AlmaBetter Student at almaBetter
Learn different techniques of Exploratory Data Analysis using NYC Airbnb 2019 dataset
I’m just starting over into this field and everyday I keep learning and exploring bits and pieces with randomness in data, I don’t step back finding what significance it holds and what can be achieved out of it. So far, I have been enjoying my day mostly on Stack Overflow and various Data Science blogs.
My journey till now has been amazing and I’m yet to learn many things on the way. This is just a beginning with my exploratory Data Analysis and there are more new contents coming up. I hope this detailed analysis can help as well as set a stepping stone to many Data driven enthusiasts looking to break into this field.

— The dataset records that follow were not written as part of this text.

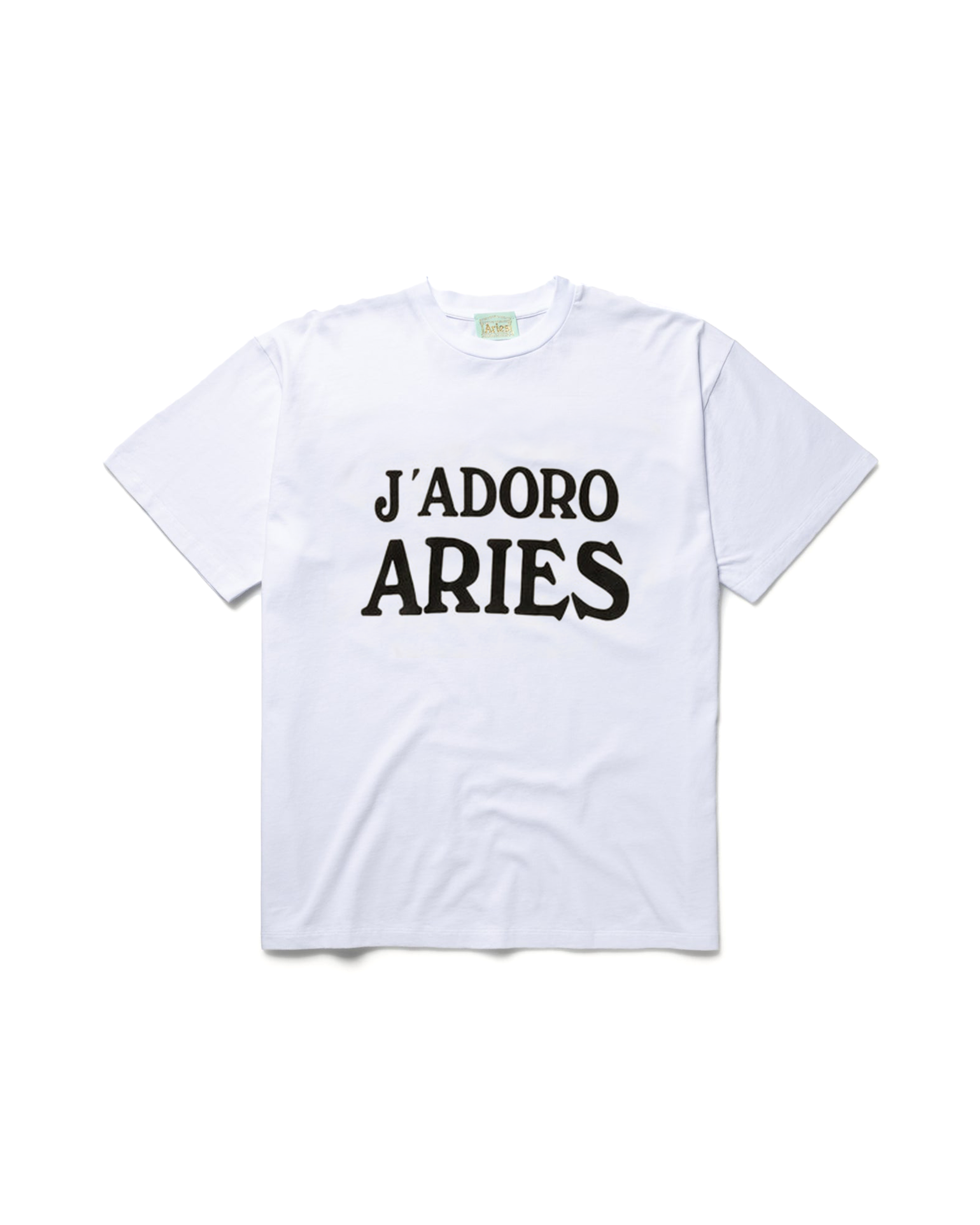 Jadoro Aries T-Shirt - White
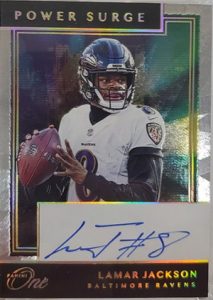 Power Surge Lamar Jackson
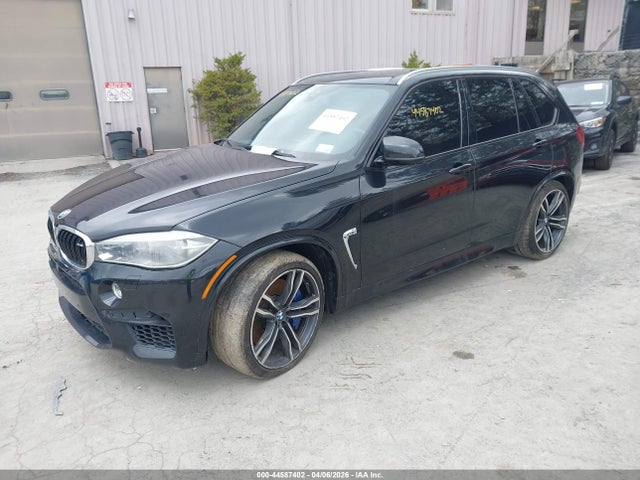 2016 BMW X5 M 5YMKT6C54G0R78870 Photo 1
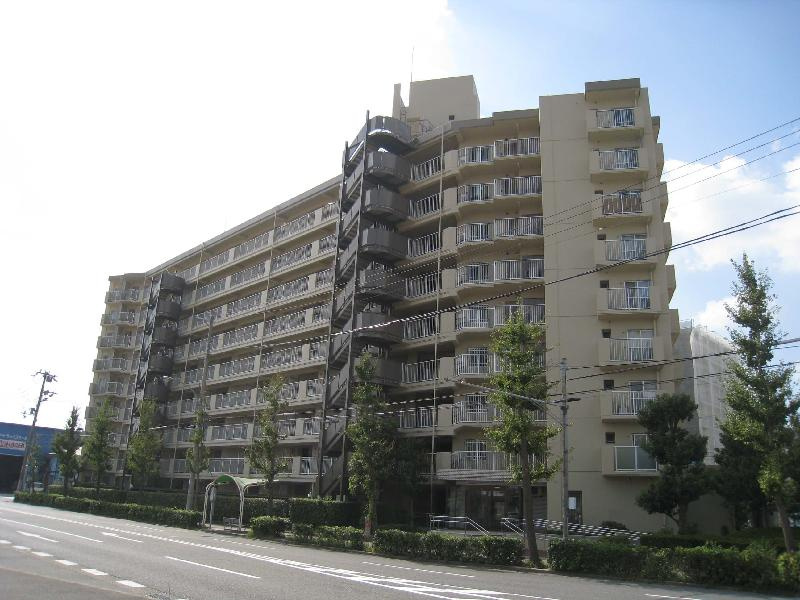 ユニハイム魚崎2号棟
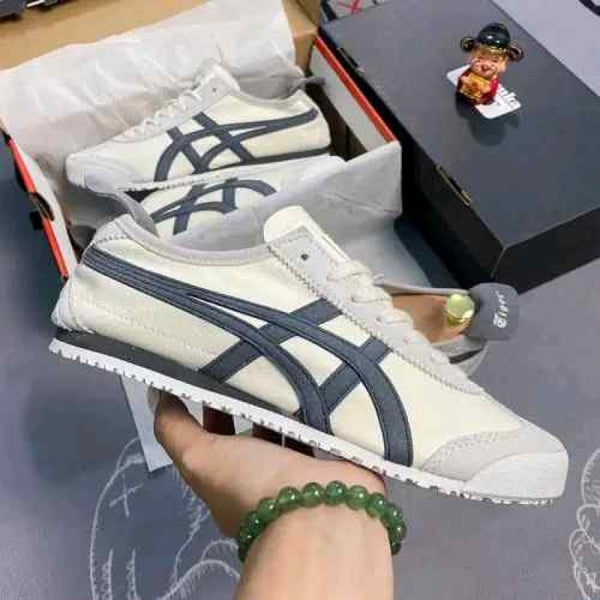 Onitsuka Tiger Mexico 66 CreamGrey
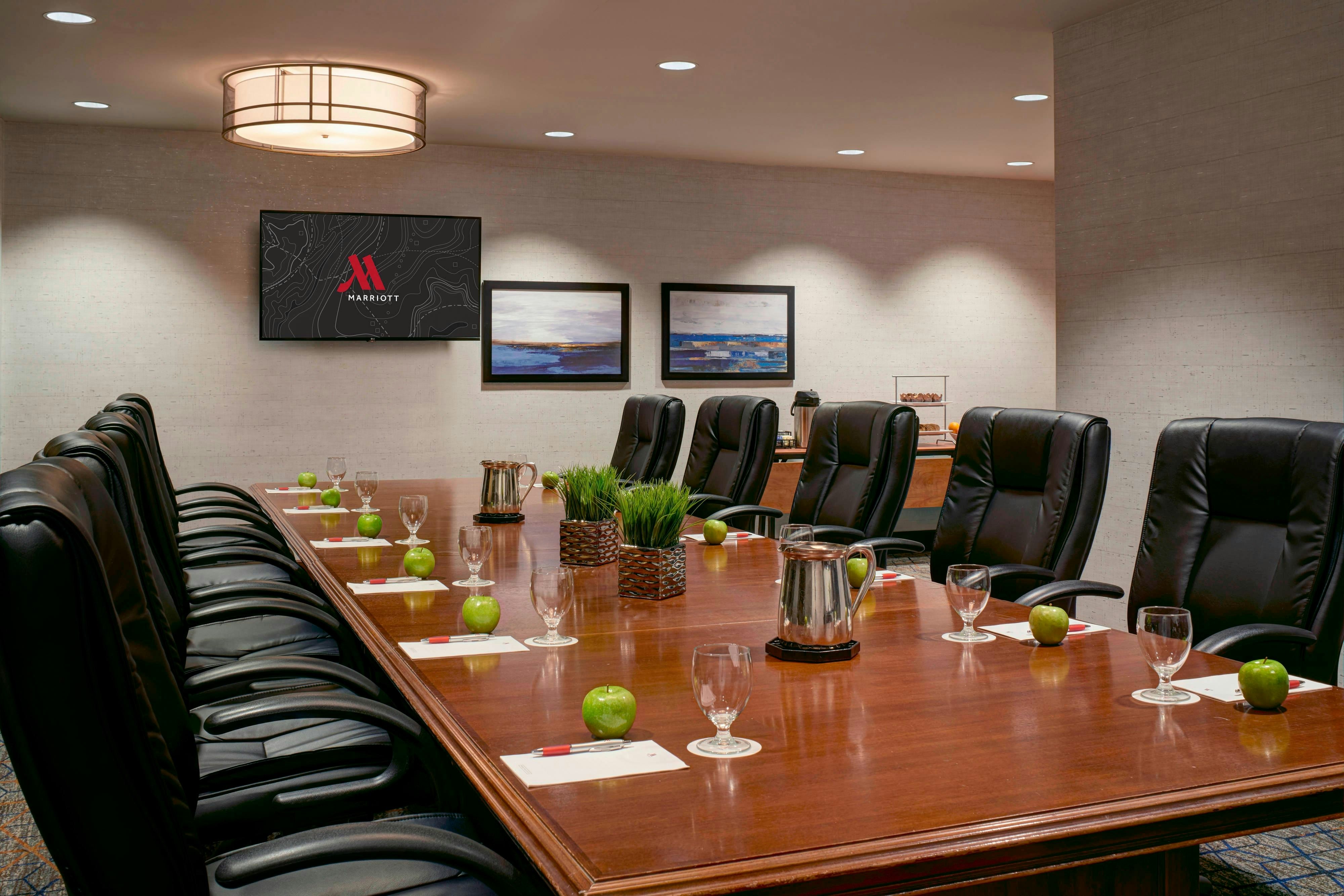 Kansas City Airport Marriott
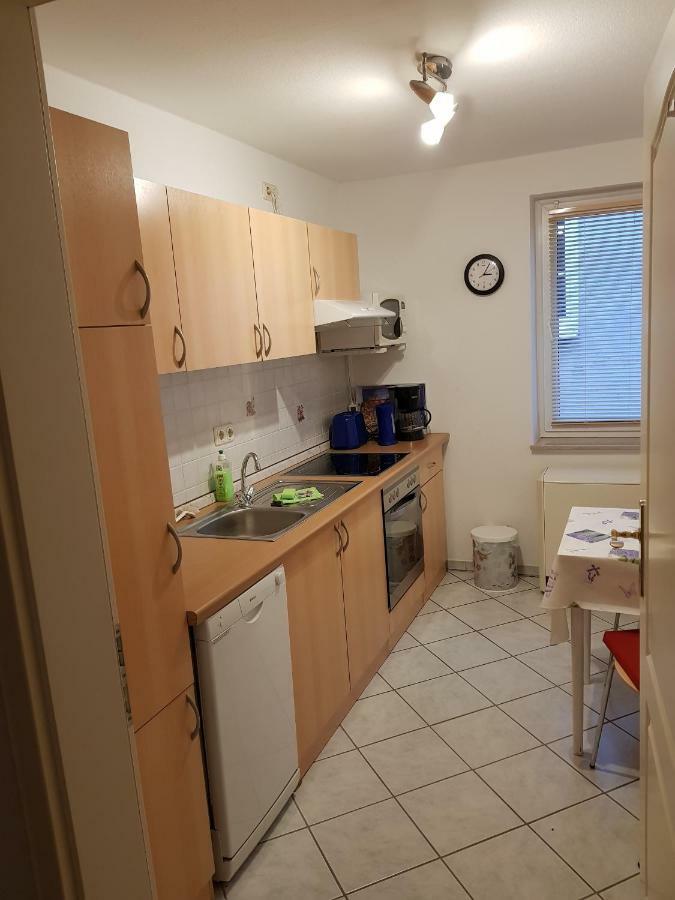 Appartmenthaus Gingst Εξωτερικό φωτογραφία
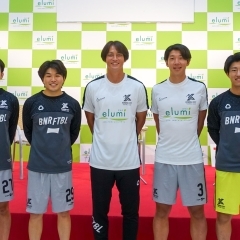 鴻巣シティFCがエルミこうのすでサッカーイベントを開催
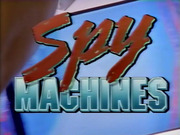 Spy Machines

So, there are no thumb rules for data exploration. If you are in a state of mind, that machine learning can only sail you away from every data storm, trust me, it won’t. After some point of time, you’ll realize that you are struggling at improving model’s accuracy. In such situation, data exploration techniques will come to your rescue. If you’re yet new to this battle of data exploration and want to have an overall idea of how this can be achieved step by step with ease, please don’t divert yourselves from this detailed exploration on Airbnb 2019 dataset comprising of the bookings made in NYC!
This San-Francisco based startup offers you someone’s home as a place to stay instead of a hotel. You might be thinking of another unicorn in town as to OYO Hotels which has kind of a relatable business model but Airbnb allows you to be host for anyone anywhere with rooms/beds available in your personal space. OYO Rooms and Airbnb are by no means similar to each other, in fact, they are almost as opposite as the sky and sea. So, having much said let’s just deep dive into our actuals on why are we basically here? Scroll below and have a feel!
This dataset has around ** 48,895** observations with 16 columns and it is a mix between categorical and numeric values. I have portrayed this detailed analysis as much simple as required to get a basic understanding even if someone is very new to this ????
Since 2008, guests and hosts have used Airbnb to expand on traveling possibilities and present a more unique, personalized way of experiencing the world. Nowadays, Airbnb became one of a kind service that is used by the whole world. Data analysts become a crucial factor for the company that provided millions of listings through Airbnb. These listings generate a lot of data that can be analyzed and used for security, business decisions, understanding of customers’ and providers’ behavior on the platform, implementing innovative additional services, guiding marketing initiatives, and much more.
The very basic information about the dataset using df.info()
By basic inspection, a particular property name will have one particular host name hosted by that same individual but a particular host name can have multiple properties in an area. So, host_name is a categorical variable here. Also neighbourhood_group (comprising of Manhattan, Brooklyn, Queens, Bronx, Staten Island), neighbourhood and room_type (private,shared,Entire home/apt) fall into this category.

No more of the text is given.